• **INSTRUCTIONS TO FOLLOW**: Retype the line with "this 790×530 image." exactly. Then retype every line after it through the end of the entries below, and nothing more, leaving out pictures.

• **DATA SHOWN**:
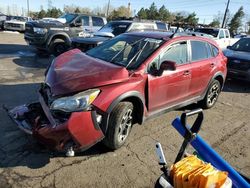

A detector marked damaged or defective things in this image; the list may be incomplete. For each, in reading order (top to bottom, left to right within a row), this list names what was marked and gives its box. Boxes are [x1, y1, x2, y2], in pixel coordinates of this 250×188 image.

crushed front bumper [8, 93, 104, 152]
broken headlight [50, 89, 100, 112]
crumpled front hood [45, 48, 130, 95]
damaged red suv [8, 31, 227, 155]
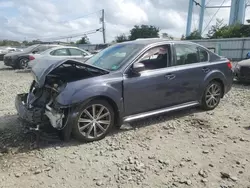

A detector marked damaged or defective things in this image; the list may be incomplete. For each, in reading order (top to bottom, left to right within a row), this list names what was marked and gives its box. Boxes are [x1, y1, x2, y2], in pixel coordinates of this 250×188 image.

crushed front bumper [14, 93, 44, 125]
crumpled hood [30, 58, 109, 88]
damaged subaru legacy [15, 39, 233, 142]
wrecked vehicle [16, 39, 234, 142]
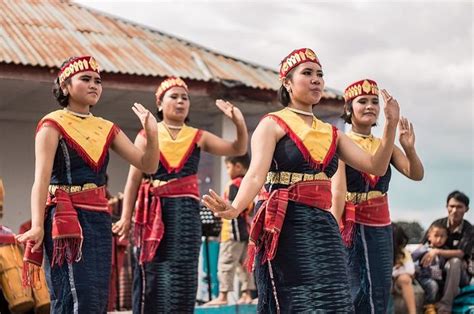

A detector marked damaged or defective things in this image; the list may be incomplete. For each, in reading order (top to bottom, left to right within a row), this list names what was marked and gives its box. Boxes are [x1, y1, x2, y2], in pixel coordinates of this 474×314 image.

rusty metal roof [0, 0, 340, 98]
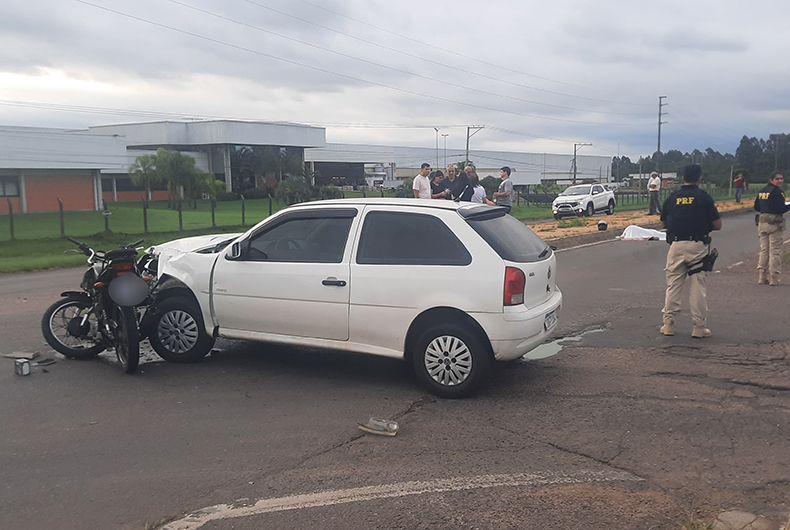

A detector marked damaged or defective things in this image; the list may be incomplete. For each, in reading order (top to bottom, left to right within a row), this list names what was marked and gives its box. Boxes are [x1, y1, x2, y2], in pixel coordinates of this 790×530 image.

cracked road [0, 208, 788, 524]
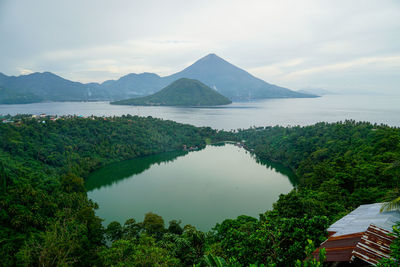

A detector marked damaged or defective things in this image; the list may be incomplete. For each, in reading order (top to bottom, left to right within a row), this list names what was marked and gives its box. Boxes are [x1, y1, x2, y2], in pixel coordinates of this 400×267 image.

rusted tin roof [352, 226, 396, 266]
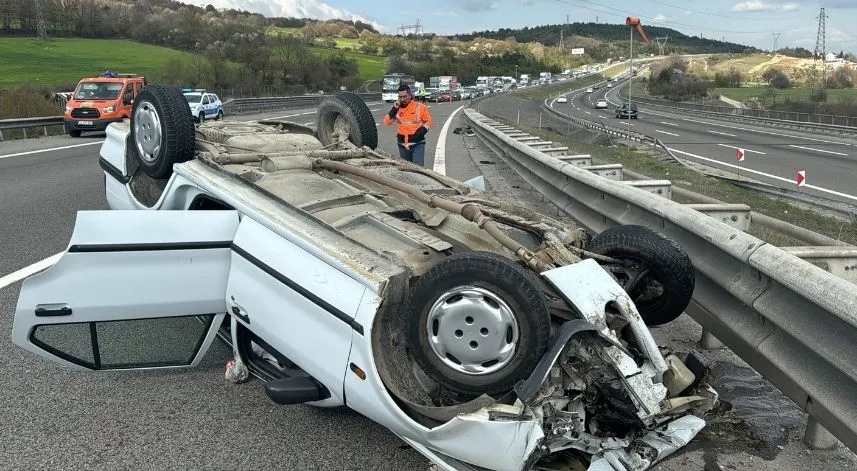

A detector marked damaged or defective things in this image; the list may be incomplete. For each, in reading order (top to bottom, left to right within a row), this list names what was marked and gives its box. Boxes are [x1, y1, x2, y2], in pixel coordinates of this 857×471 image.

overturned white car [13, 86, 716, 470]
damaged front bumper [408, 262, 716, 471]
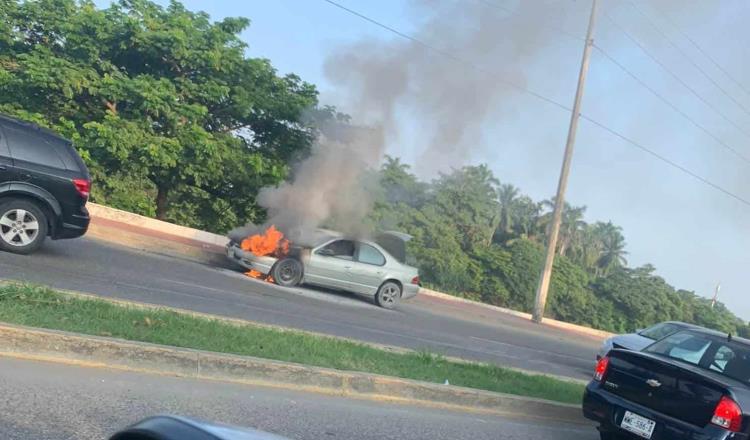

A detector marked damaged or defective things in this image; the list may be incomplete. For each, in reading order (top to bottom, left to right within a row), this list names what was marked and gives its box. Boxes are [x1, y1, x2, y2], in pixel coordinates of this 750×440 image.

• **SOLVED EXERCISE**:
A detector marked damaged or defective things in this image; the list may be incomplete. For each, in reading order (top to bottom, left to right within a row), this list names what was marked and gives its box. Boxes are [x1, y1, x2, y2], in pixel coordinates of this 790×530 image.

cracked road [0, 208, 788, 524]

A detector marked damaged or defective things in this image; the list may be incomplete. For each, in reading order (top to bottom, left to right within a row), this list names what was marked and gives its box. Boxes are [x1, y1, x2, y2], in pixel coordinates of this 400×267 image.

rusted tin roof [352, 226, 396, 266]

A detector marked damaged or defective things in this image; the list may be incomplete. For each, in reading order (top to bottom, left to right within a row), this list names what was marked and gives its box. Boxes are [x1, y1, x2, y2], in pixel coordinates of this 857×471 image.

overturned white car [13, 86, 716, 470]
damaged front bumper [408, 262, 716, 471]

A detector marked damaged or defective things in this image; the list may be incomplete. For each, in reading order (top to bottom, left to right within a row), this list names what was marked and gives its box. Boxes are [x1, y1, x2, y2], in pixel coordinates of this 750×440 image.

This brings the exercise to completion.